Reyhani’nin adının geçtiği, hayat hikayesinin yer aldığı birçok çalışmada, onun aşık şiiri geleneğinde yer alan ve aşık şiirin bir unsuru gibi yerleşen rüyasında pir elinden bâde içerek aşıklığa başladığı yolundaki anlatımları, Dr. Düzgün, kendi bilgisine başvurarak şöyle aktarmakta; “Reyhani hakkında yazılmış kaynakların hemen hepsinde böyle bir rüya olayından söz edilmesine rağmen kendisiyle yaptığımız görüşmelerde şairimizin bunu reddeden bir tavır içinde bulunduğunu gözlemledik.
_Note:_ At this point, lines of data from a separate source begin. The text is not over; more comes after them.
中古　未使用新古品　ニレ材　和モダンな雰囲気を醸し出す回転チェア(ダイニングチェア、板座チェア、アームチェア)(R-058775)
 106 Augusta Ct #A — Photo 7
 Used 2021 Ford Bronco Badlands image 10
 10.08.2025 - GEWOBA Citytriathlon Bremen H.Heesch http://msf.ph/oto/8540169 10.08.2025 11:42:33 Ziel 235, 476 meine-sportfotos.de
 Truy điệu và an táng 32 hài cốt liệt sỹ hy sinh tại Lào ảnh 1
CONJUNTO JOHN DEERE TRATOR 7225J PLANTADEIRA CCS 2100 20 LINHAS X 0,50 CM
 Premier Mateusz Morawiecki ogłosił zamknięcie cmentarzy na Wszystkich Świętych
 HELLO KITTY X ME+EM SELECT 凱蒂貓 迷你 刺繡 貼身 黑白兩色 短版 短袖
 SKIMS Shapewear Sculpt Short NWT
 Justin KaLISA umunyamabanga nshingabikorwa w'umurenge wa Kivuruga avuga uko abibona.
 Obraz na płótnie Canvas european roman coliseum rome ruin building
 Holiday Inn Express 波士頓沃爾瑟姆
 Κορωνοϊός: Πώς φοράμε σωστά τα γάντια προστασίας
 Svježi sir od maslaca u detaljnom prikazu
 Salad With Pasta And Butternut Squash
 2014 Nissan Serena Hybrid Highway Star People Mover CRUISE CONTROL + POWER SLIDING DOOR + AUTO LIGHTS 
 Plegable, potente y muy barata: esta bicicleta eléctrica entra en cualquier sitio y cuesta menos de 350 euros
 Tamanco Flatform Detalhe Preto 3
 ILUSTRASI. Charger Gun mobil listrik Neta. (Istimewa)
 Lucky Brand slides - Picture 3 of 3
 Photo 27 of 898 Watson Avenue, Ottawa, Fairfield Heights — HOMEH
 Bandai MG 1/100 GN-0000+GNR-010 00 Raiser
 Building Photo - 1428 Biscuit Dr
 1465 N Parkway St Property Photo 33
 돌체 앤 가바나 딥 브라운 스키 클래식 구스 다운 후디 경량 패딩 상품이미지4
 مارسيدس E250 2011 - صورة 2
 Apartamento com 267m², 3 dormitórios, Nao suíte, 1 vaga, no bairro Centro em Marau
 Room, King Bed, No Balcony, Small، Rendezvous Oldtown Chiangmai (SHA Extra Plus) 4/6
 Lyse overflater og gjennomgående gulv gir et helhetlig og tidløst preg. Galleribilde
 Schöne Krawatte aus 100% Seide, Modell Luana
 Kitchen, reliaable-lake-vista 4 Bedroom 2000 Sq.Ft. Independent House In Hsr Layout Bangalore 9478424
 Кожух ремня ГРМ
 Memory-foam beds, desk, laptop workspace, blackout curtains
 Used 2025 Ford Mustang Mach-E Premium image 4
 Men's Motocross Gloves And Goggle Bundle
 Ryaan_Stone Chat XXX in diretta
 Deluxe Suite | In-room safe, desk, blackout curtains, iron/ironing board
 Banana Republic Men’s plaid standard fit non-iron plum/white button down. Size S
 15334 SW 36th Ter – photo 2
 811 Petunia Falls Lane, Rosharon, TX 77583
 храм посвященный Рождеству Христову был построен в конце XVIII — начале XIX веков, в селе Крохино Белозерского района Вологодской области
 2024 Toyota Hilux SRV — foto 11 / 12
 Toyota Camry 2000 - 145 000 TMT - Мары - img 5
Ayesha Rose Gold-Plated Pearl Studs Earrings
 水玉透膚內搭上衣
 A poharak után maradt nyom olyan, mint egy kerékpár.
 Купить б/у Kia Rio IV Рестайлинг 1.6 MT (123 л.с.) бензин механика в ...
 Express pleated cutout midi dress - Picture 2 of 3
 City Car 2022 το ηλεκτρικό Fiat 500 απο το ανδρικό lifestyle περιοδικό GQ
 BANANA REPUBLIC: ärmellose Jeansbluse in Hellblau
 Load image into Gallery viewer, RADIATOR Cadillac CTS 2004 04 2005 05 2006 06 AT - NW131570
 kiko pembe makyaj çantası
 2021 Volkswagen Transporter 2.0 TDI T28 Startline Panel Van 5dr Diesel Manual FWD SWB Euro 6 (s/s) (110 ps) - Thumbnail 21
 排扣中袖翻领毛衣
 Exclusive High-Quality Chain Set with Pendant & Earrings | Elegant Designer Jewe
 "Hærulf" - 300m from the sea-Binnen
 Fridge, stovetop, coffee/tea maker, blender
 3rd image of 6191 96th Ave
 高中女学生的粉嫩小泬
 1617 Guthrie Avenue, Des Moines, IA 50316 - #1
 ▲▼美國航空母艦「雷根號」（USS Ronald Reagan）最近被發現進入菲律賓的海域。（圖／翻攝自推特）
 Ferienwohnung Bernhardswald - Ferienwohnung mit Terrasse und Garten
Bunu şairimizin akla ve çalışmaya önem veren dünya görüşünün doğal bir sonucu olarak kabul etmek gerekir.”
Geniş dinleyici kitlesi elde etmek için kendisine bir rüya hikayesi edinen ve böylece mektep görmeksizin gaybi ilimlere kavuştuğunu iddia eden âşıkların günümüzde çoğaldığını söyleyen Reyhani, rüyanın âşık olmasında başlıca etken olarak görülmesini engellemek amacıyla, rüya olayını gündeme getirmemeyi tercih etmektedir.
Posoflu Müdami, Ardanuçlu Efkari, Bardızlı Nihani, Kağızmanlı Cemal Hoca, Sarıkamışlı Dursun Cevlani ve Bayburtlu Hicrani gibi dönemin önde gelen şairlerinden etkilenmiş, meclislerinde bulunmuş, onlarla karşılaşmalar yapmıştır.
Bir ara ‘Mahiri’ ve ‘Dertli’ mahlaslarını kullanan aşığa, ‘Reyhani’ mahlasını Bayburtlu Hicrani vermiştir. Reyhani, belli bir süre usta malı şiirler söyleyerek ses ve söz dünyasını geliştirmiş, ilk şiirini ise 1950 yılında, Aşağı Tahir Hoca Köyünde söylemiştir. Söylediği şiir,
Bir siyah gözlü yar yıllarca evvel
Berrak bir pınarın başında idi.
Peri gibi saçlı, huriden güzel
Durgun yüzlü, ondört yaşında idi.
Dörtlüğüyle başlayan ve sevdiği kızın güzelliğini anlatan bir aşk şiiridir.
Reyhani, erken yaşta devrinin önemli âşıklarıyla karşılıklı deyişmeler yapabilecek söz
ustalığına ulaştı. Aşık tarzını sürdürme konusunda, ilkeli ve ısrarcı oldu. Henüz ilk şiirini söylediği yaşlarda ünlü âşıklar Yusufelili Huzuri, Bayburtlu Hicrani, Kağızmanlı Cemal Hoca, Bardızlı Nihani ile karşılıklı deyişmelerde bulundu. Bu Reyhani’nin işe ciddiyetle başladığını ve bu alanda yetenekli olduğunu göstermektedir.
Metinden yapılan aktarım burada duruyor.